Alphabetical order is not creative.

It’s kind of the opposite of creative. For christsakes, ordering by number rather than name is a giagantic leap of creativity in comparrison, and *that’s* still not creative.

Really getting sick of all the frakers that think they invented some such ordering system (hint: you didn’t) and feel they need to be paid (pro tip: you don’t) and that the world owes their obviousness a living. (Good luck with that.)

ChimpBush McHitlerBurton says:

Re: Copy someone else's phone book??

“Step 1. Copy someone else’s phone book
Step 2. Remove their ads and place your own. Put more ads in it so it is thicker and looks more authoritative
Step 3. Profit”

Yeah… Fail.

Why would I go to the trouble of copying someones PRINTED phone book, when I could just purchase the same database that the phone book creator did, and make my own phone book from the data?

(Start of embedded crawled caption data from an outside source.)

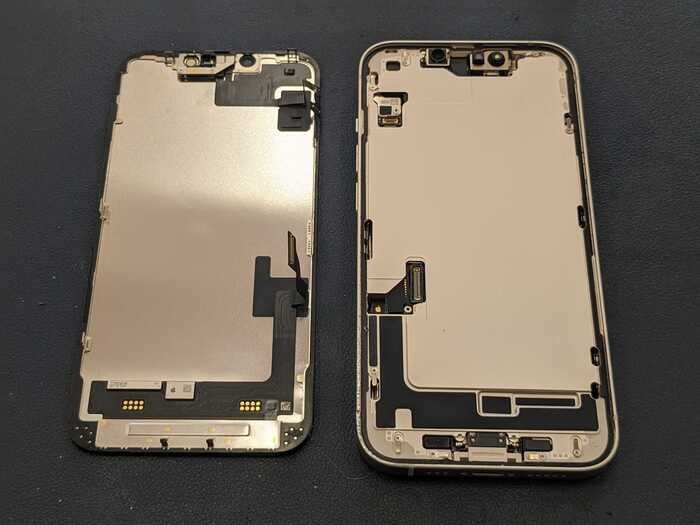 あいふぉん　アイフォン　iPhone　14　ひび割れ　ヒビ　画面　落下　衝撃　高い位置　画面真っ暗　タッチ効かない　反応しない　表示おかしい　修理　交換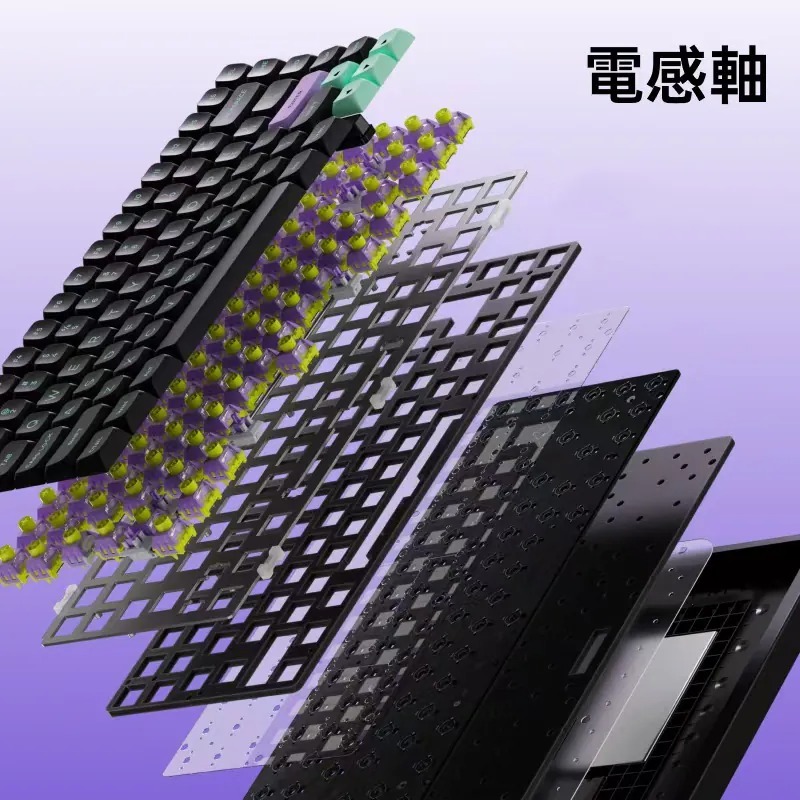 aesco A83 75% 三模 4KHz 無線電感軸鍵盤(白色)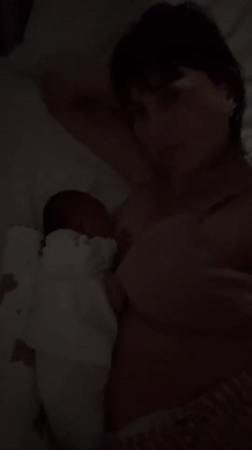 Mother and baby share intimate moment in Aprilia bedroom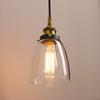 ZEKOO Glass Pendant Hanging Ceiling Light E26 LED Nordic Retro Modern Decorative Stylish and Indirect Adjustable Cord Length Light, Fixture, Base,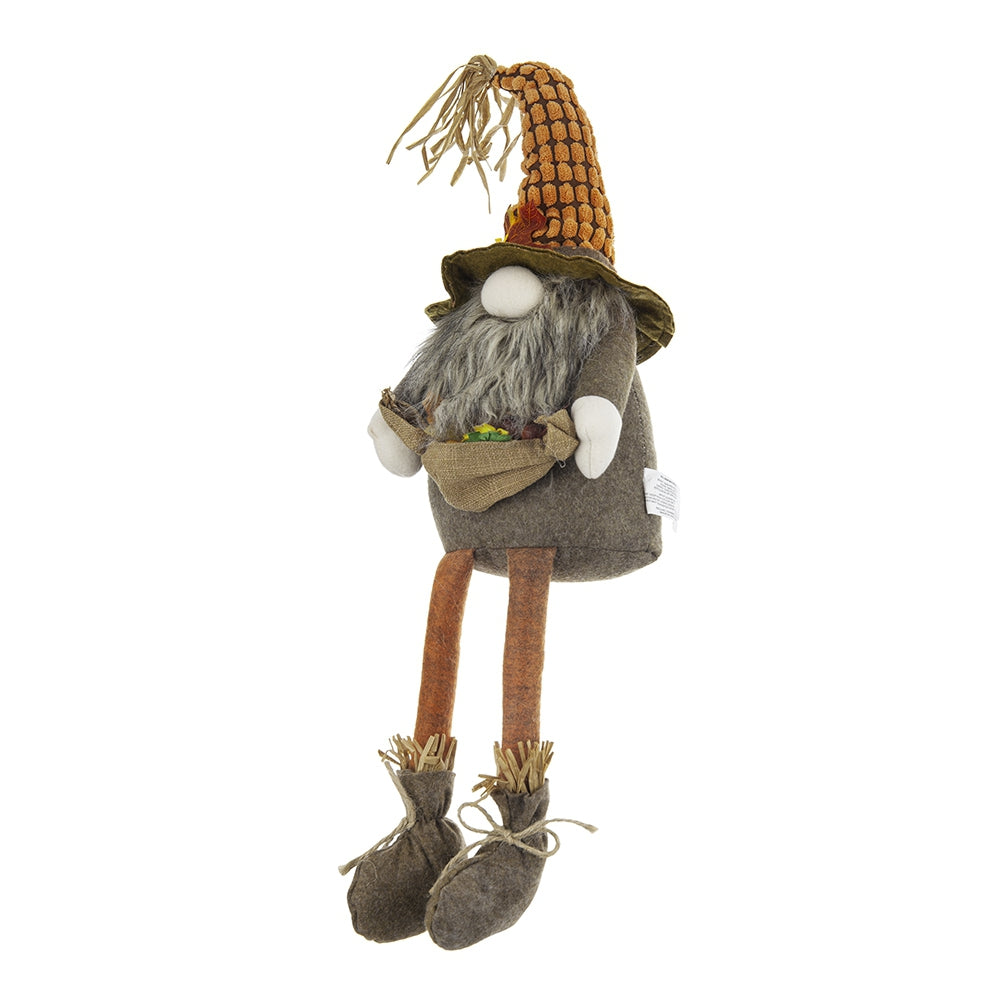 2-Piece Fabric Sitting Gnome Figurines
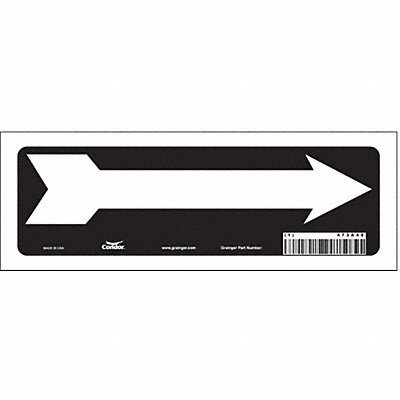 CONDOR 473A48 Safety Sign 3 1/2 in x 10 in Vinyl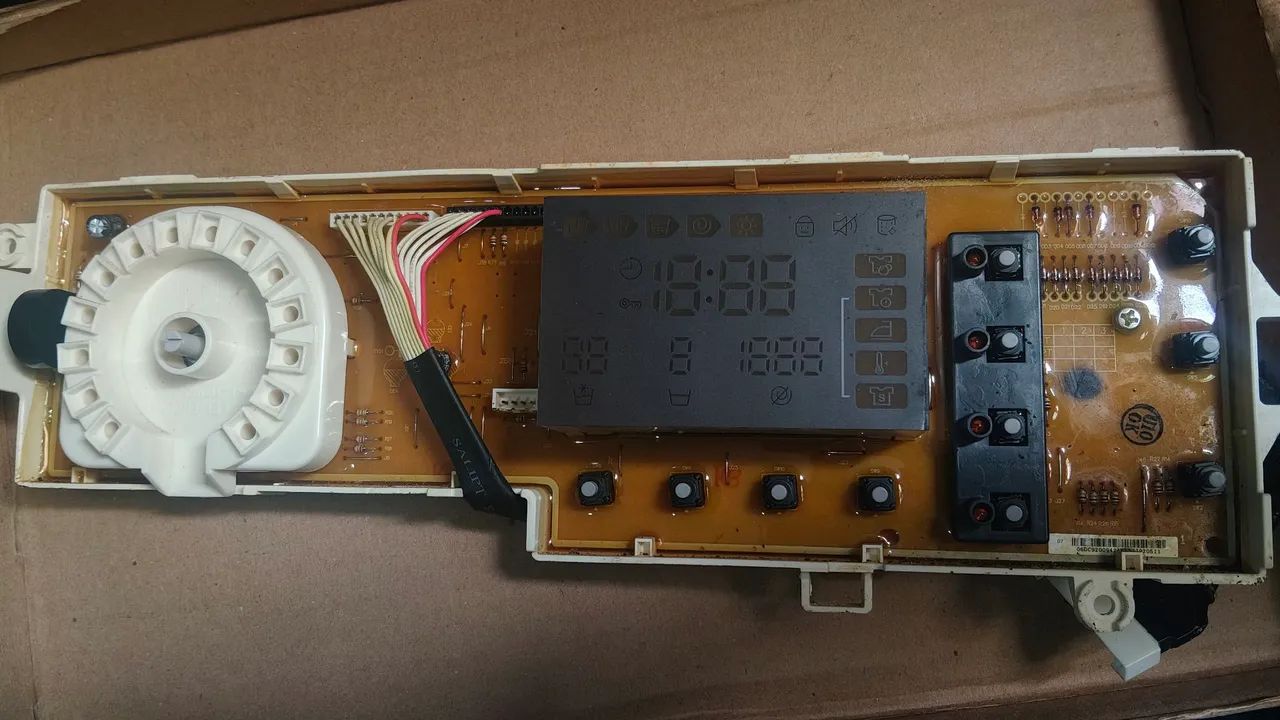 Placa Display Interface Lava E Seca Samsung WD106UHSAWQ... - Foto 3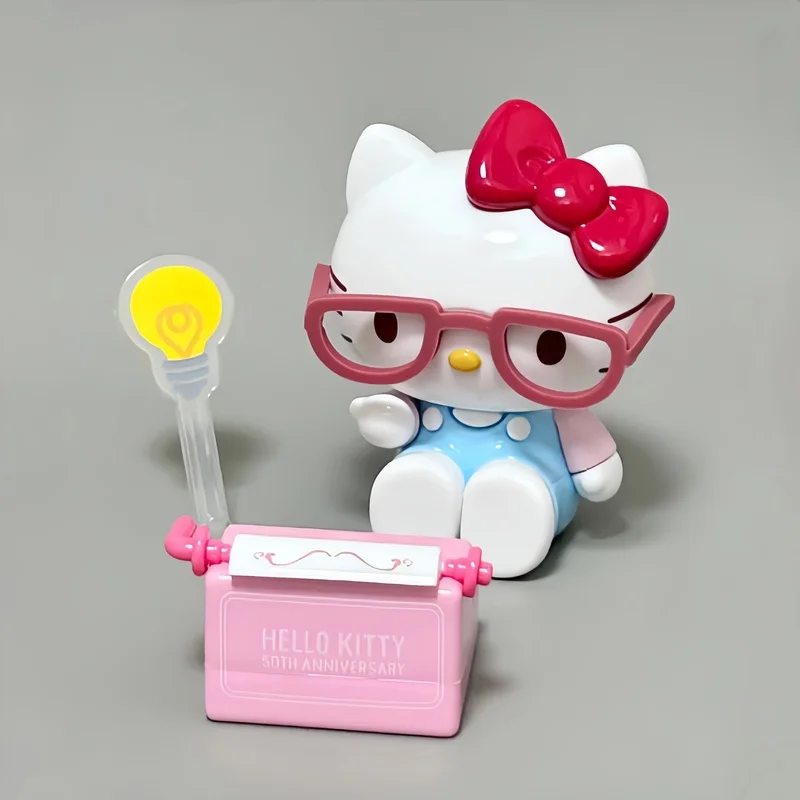 Cute Sanrio Hello Kitty Daily Life Series Collectible Anime Figure Model Dolls Tide Play Model Toy Desktop Ornaments Kids Gifts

And please don’t say something stupid like “because you would have to pay for the database”, because that would just show how little you really thought this through, as if we didn’t already know.

CBMHB

Brad Eleven (profile) says:

Step 1. Copy someone else’s phone book ……….. $$$$$$
Step 2. Remove their ads ($$$$) and place your own ($$$$$). Put more ads in it ($$$$) so it is thicker and looks more authoritative ……………………………… $$$$$$
Step 3. Profit

Yeah, I’m a little hazy on Step 3. How the F do you get people to pay for the goddamned thing?

Ohhhhhhh, riiiiiiiiiiiiiiiight, the *advertisers* pay.

Right.

So you have to either have already done the legwork to secure the advertisers, or you have to get them.

Funny thing: The difficult part of the project isn’t getting the facts from the original collector (gov’t subsidized phone company). It’s selling the advertising, and getting the ad art, and the graphic artist(s) to lay out the ads, and the paper, and the printing, and …

Who in his right mind would want to do this for money?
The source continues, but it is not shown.